From the editor’s desk | Front page ‘holes’ make for troubling weekend

Published 5:00 am Wednesday, June 5, 2019

Matthew and Sara Allison beam in a photo taken in front of Crater Lake, their last bit of Oregon sightseeing, before leaving to return home to Boise in June 2016. Sara was behind the wheel of their Ford Focus so Matthew could rest during the drive on narrow Highway 20 east of Burns when James Decou of Clearfield, Utah, drove his flat-bed hauling semi head-on into the couple’s car. Sara was killed in the crash. He was 27, she was 30, and they were married five years.

During my stint in the U.S. Army, I picked up a lot of life lessons. One of those examples was from an officer I knew who once told me that as a leader you are responsible for all that your men and women do and what they don’t do. The message, of course, was simple and harkens back to President Harry S. Truman’s “the buck stops here.”

The buck at the East Oregonian doesn’t necessarily stop with me — I work for our publisher — but the triumphs and defeats of the newsroom are a direct reflection upon me as the editor. When we do something extraordinary, it is my job — as a leader — to spread the praise among those who I lead. However, when a newsroom mistake happens, I am accountable because, in the end, I am the editor.

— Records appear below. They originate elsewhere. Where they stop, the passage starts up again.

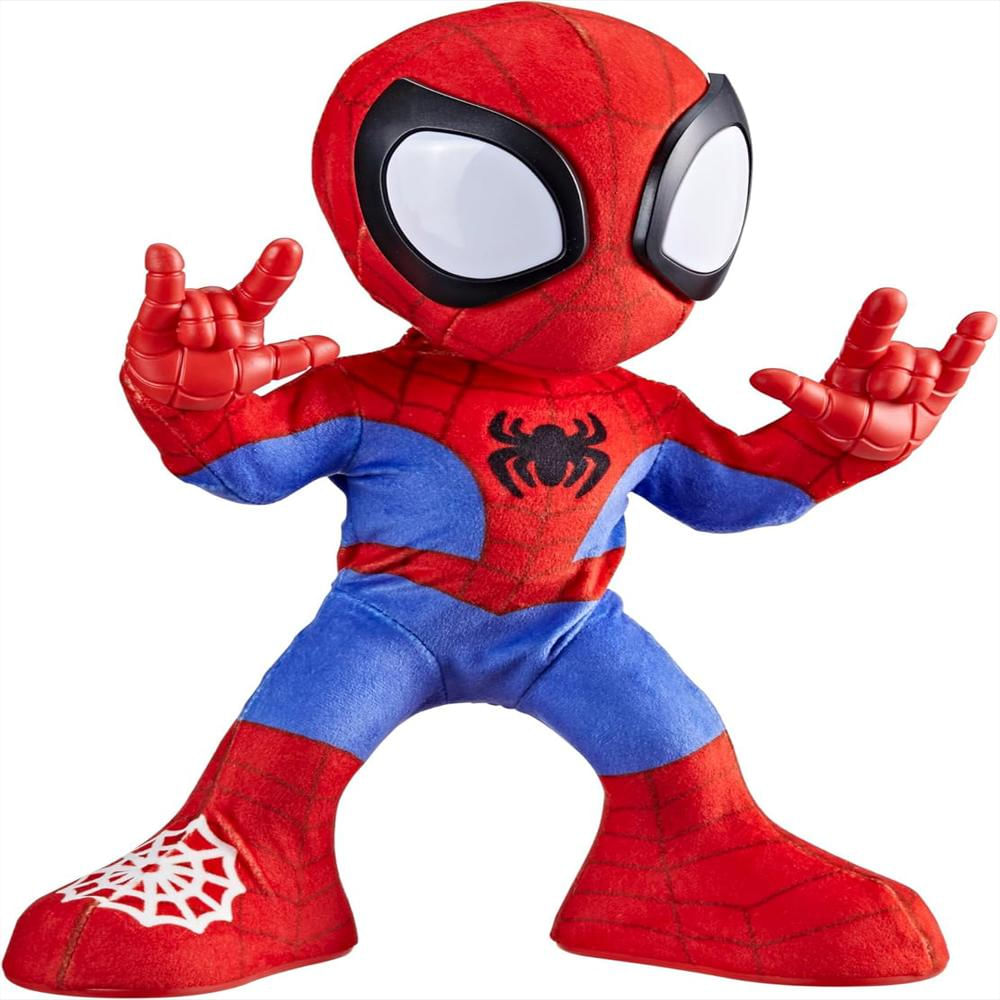 Muñeco Spiderman Interactivo Con Movimientos Y Sonidos img #1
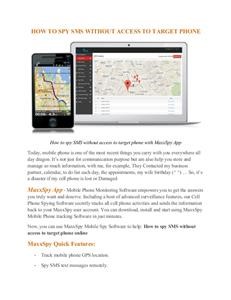 Sms Text Tracker Free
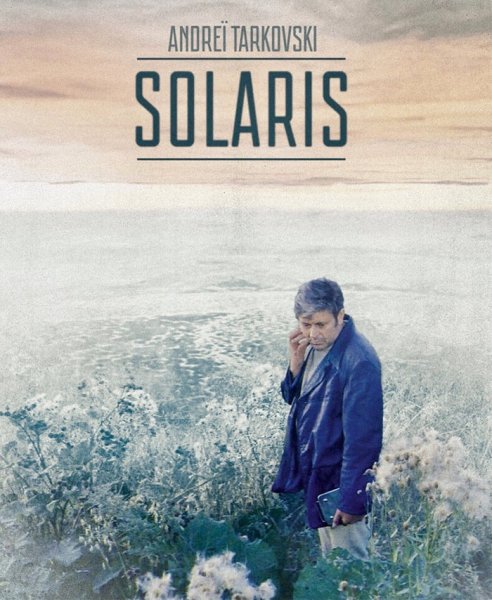 Солярис Андрей Тарковский обложка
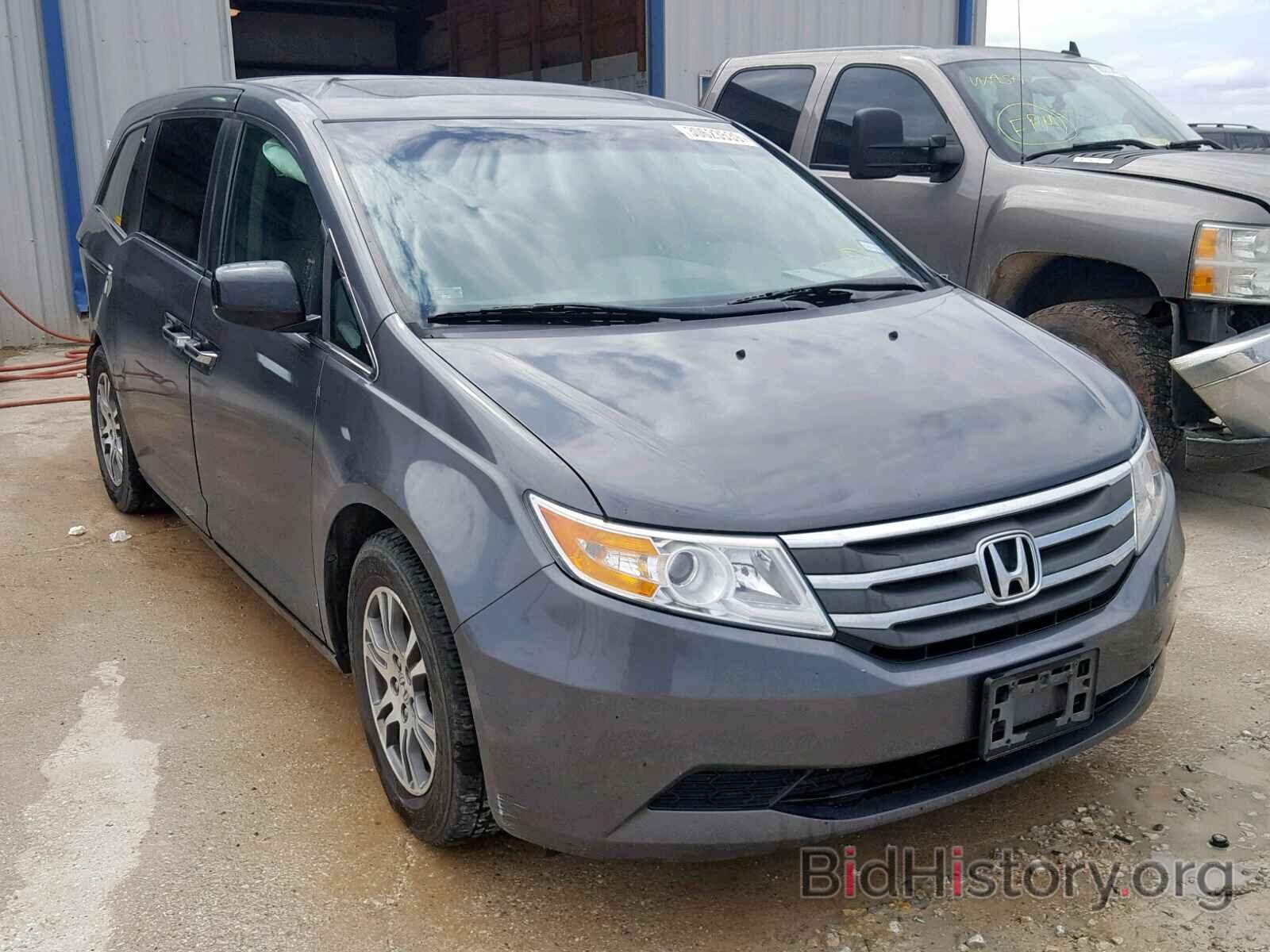 Photo 5FNRL5H66BB070885 - HONDA ODYSSEY EX 2011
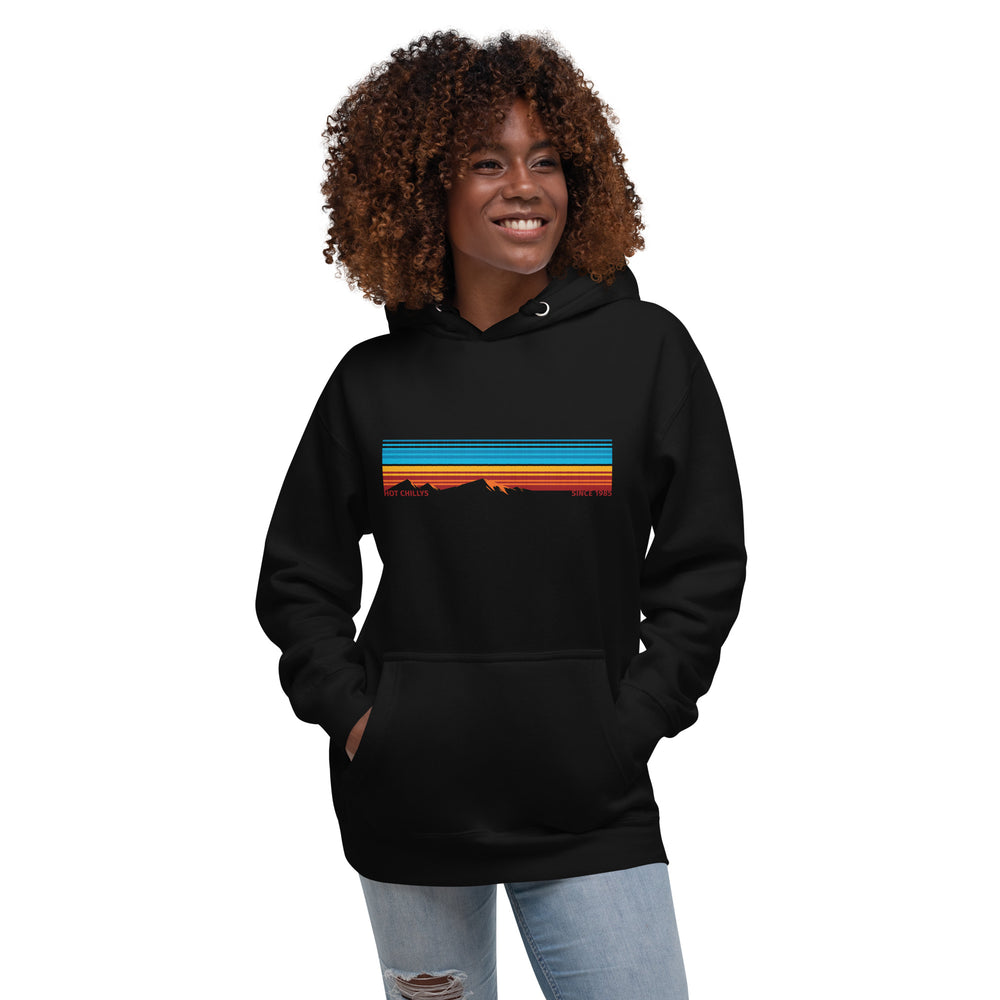 
                  
                    Hot Chillys Mountain Range Unisex Hoodie#color_black
                  
                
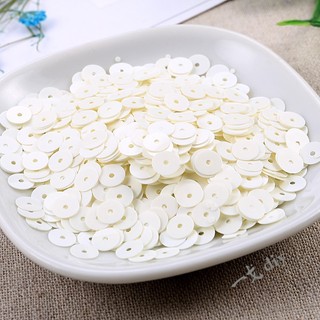 Tự Làm Phụ Kiện Kim Sa Lấp Lánh Kim Sa Lấp Lánh Phẳng Rời Miếng Quần Áo Giày Phụ Kiện Túi Trang Trí Miếng 6mm10g khoảng 750 Miếng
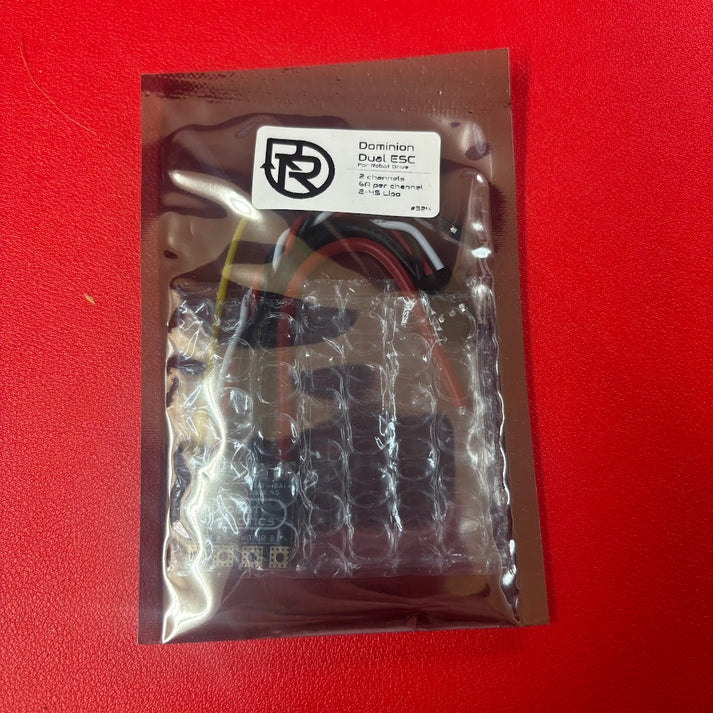 Dominion Dual Brushed Drive ESC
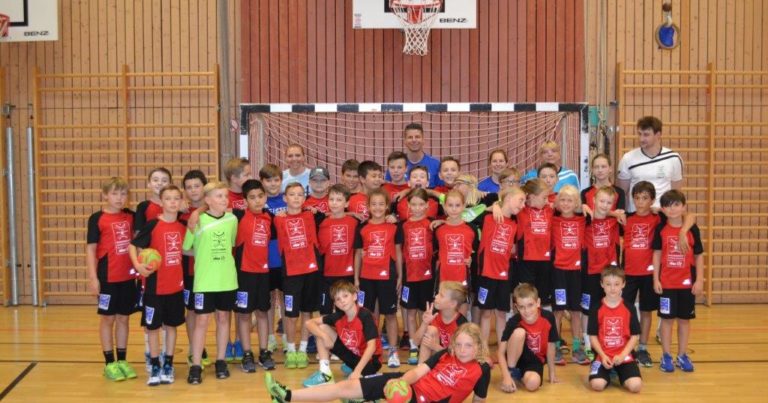 Kleines Jubiläum beim fünften Handballcamp!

Last weekend, we made an obvious and serious mistake on our front page. Subscribers — and anyone else who purchased our weekend edition — saw two large “holes” or white spaces on our front page. The two wide-open spaces represented where an advertisement and a photo with the story “Road rage case ends with $26.5M verdict” should have been placed and were in the page that were proofed throughout the evening, but did not make it to the final product. I could tell you all about the technical reasons the ad and photo, which accompanies this column, did not make it to the press. And while they are all valid and concerns that we have addressed inside the newsroom and other departments here at the paper, at the end of the day they don’t matter.

What does matter is that this was a serious error and I take full responsibility.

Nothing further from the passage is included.